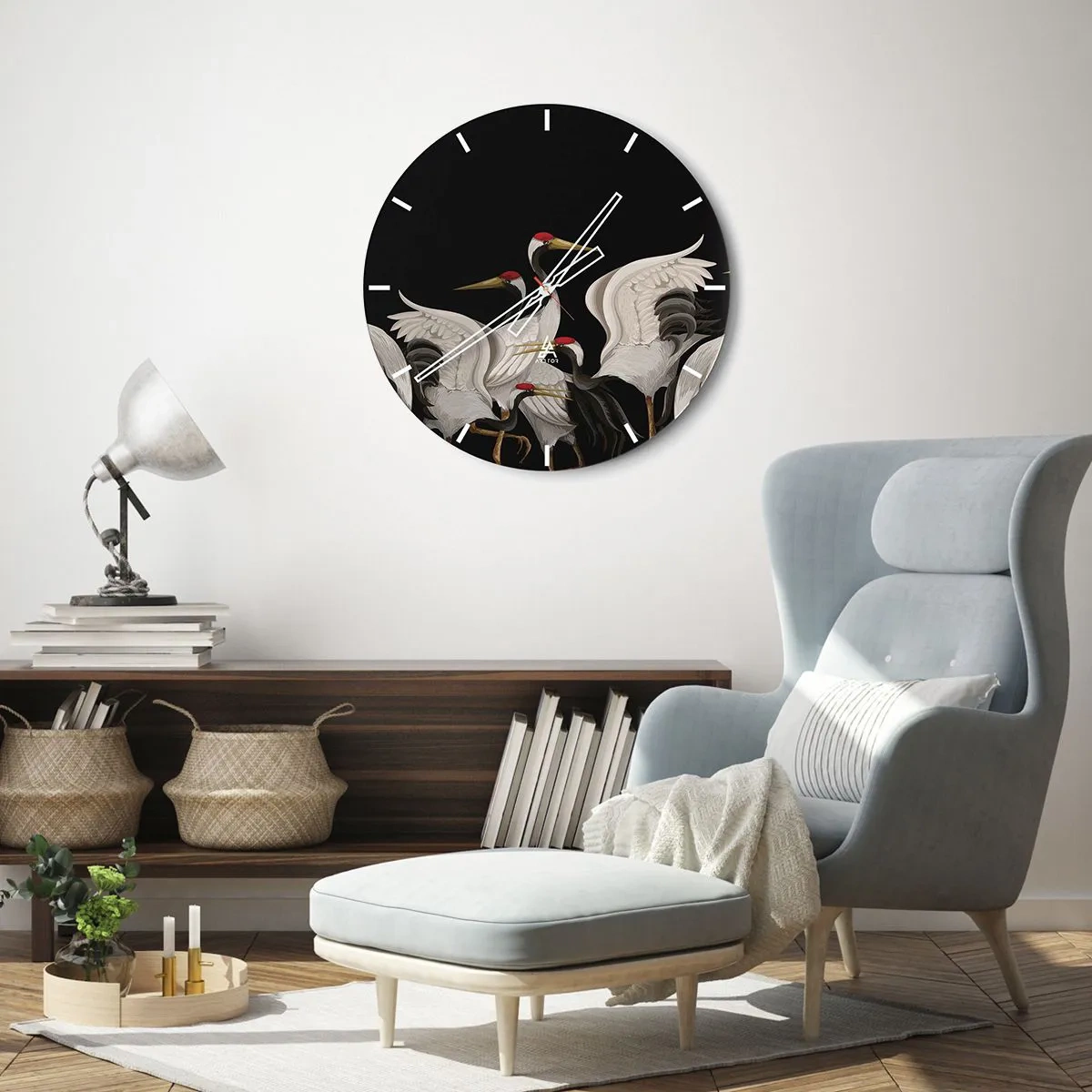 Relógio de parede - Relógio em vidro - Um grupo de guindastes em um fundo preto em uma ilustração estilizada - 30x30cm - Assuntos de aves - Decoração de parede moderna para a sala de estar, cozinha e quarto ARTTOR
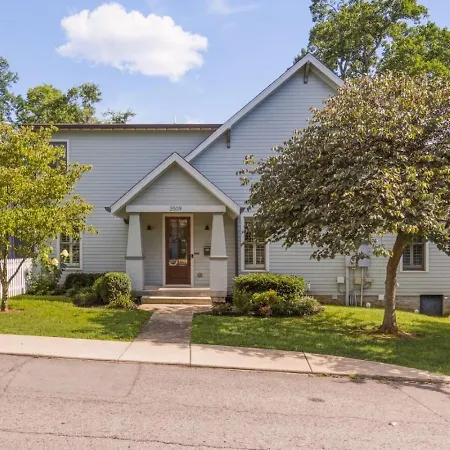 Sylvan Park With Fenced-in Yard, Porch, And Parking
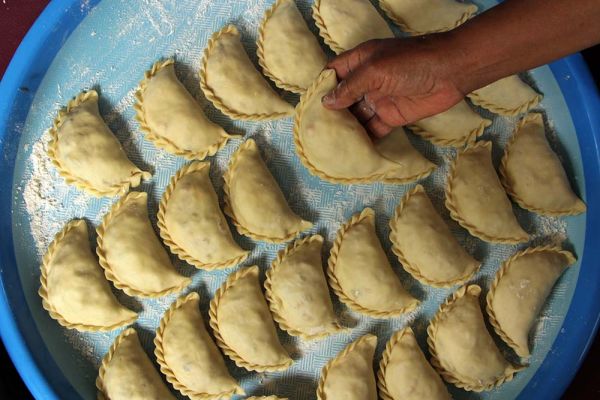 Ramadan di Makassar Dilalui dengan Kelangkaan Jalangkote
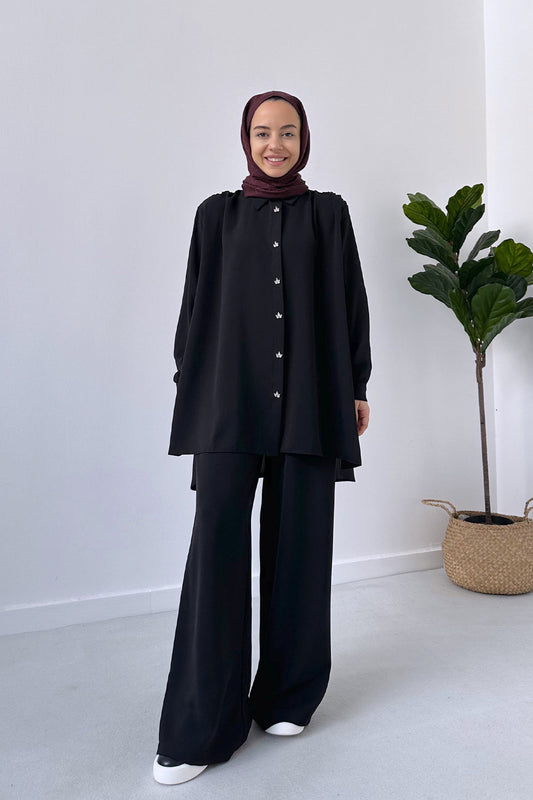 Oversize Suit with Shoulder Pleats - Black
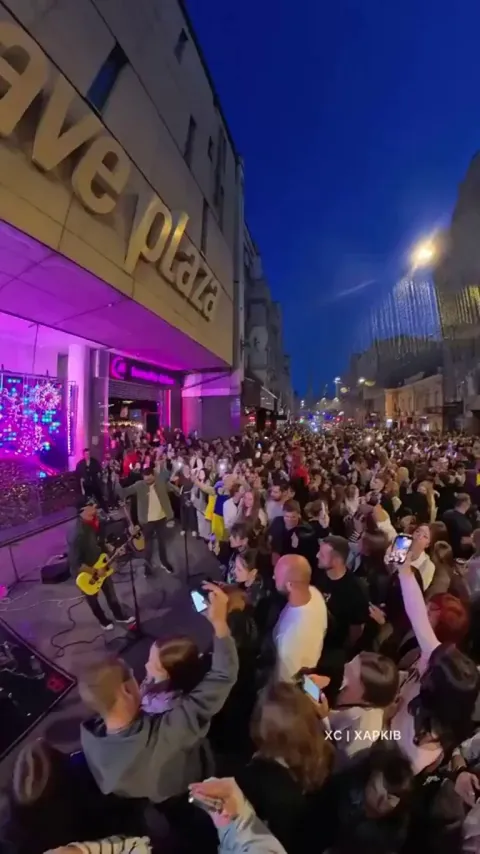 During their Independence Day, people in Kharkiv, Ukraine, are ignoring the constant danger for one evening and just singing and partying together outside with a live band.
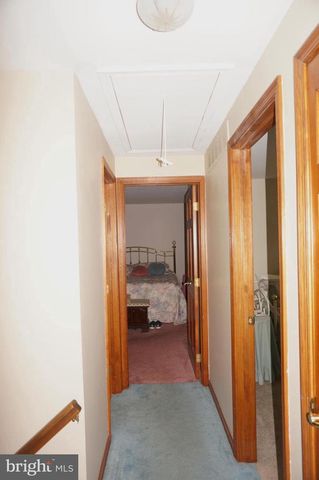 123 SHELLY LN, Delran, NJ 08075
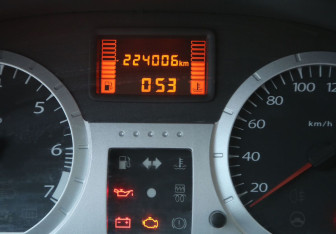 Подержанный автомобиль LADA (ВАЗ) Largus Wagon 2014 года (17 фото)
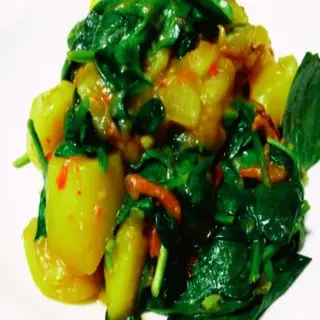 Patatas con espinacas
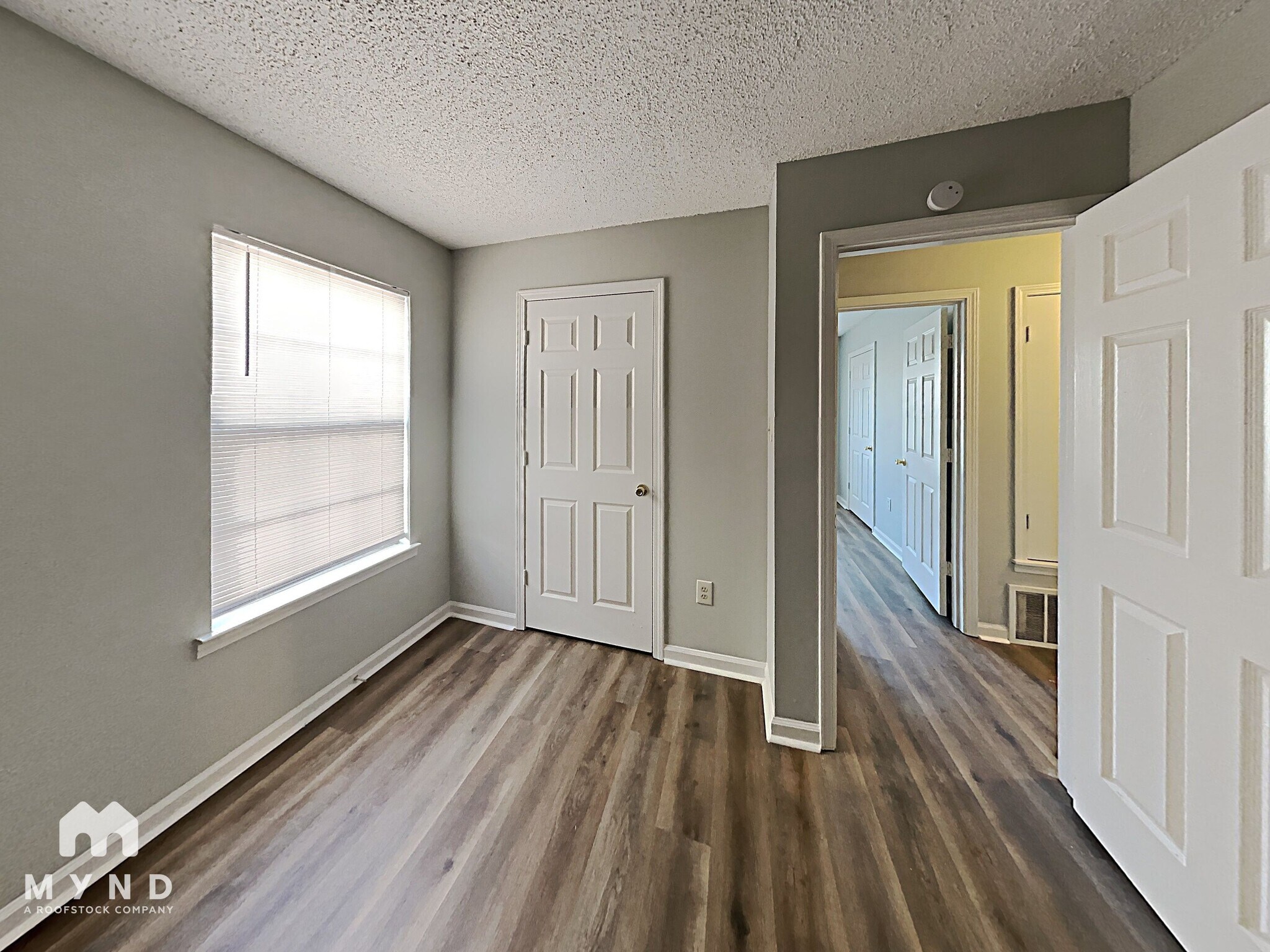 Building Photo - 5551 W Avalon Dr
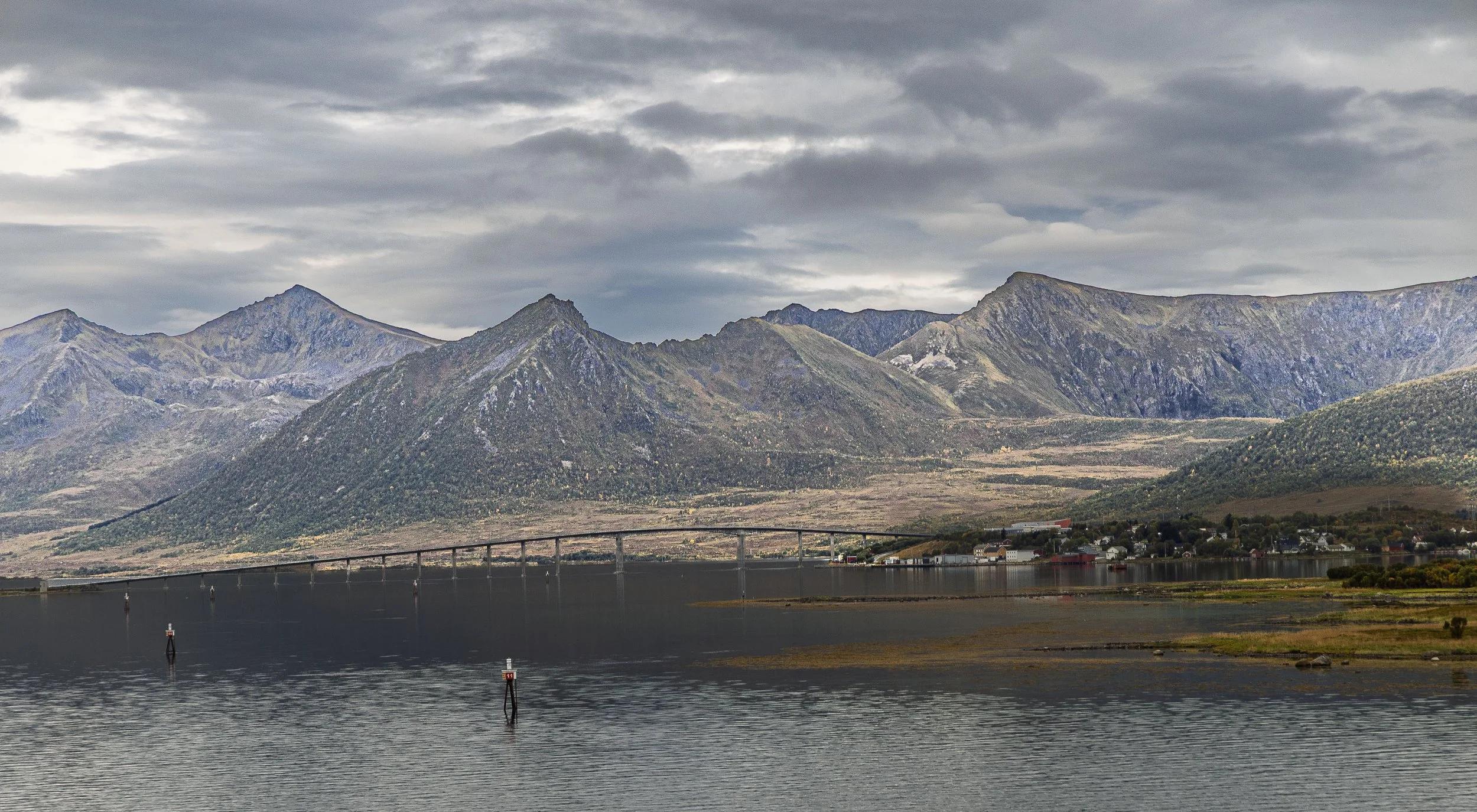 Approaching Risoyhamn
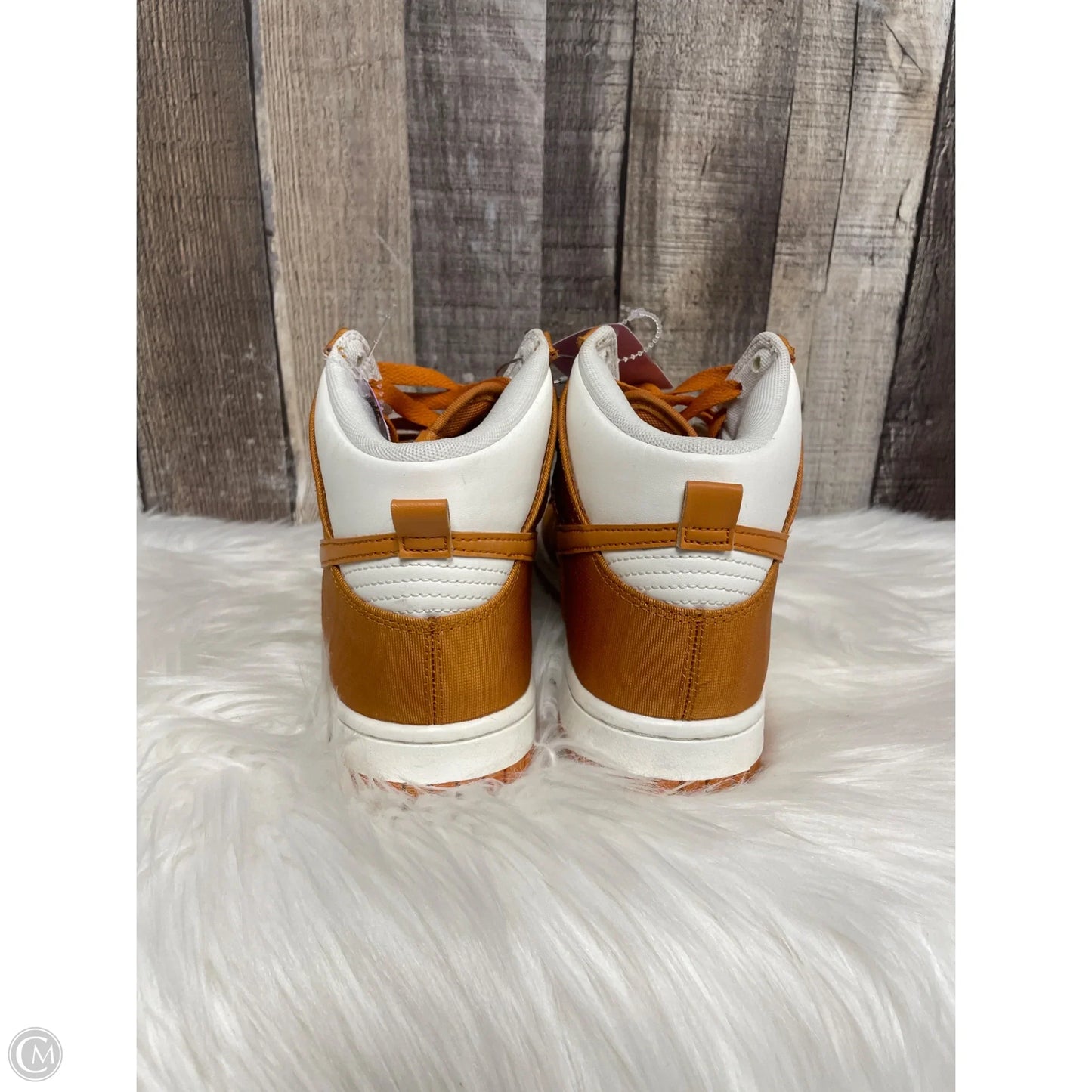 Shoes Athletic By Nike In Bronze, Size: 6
◇ ◇ ◇ ◇ ◇
▸ **WHAT YOU WILL DO**
Copy exactly the lines that run from the line containing "Building Photo - 5551 W Avalon Dr" to the end of the data, keeping both end lines and dropping every picture.

▸ **SOLVED EXERCISE**
 Building Photo - 5551 W Avalon Dr
 Approaching Risoyhamn
 Shoes Athletic By Nike In Bronze, Size: 6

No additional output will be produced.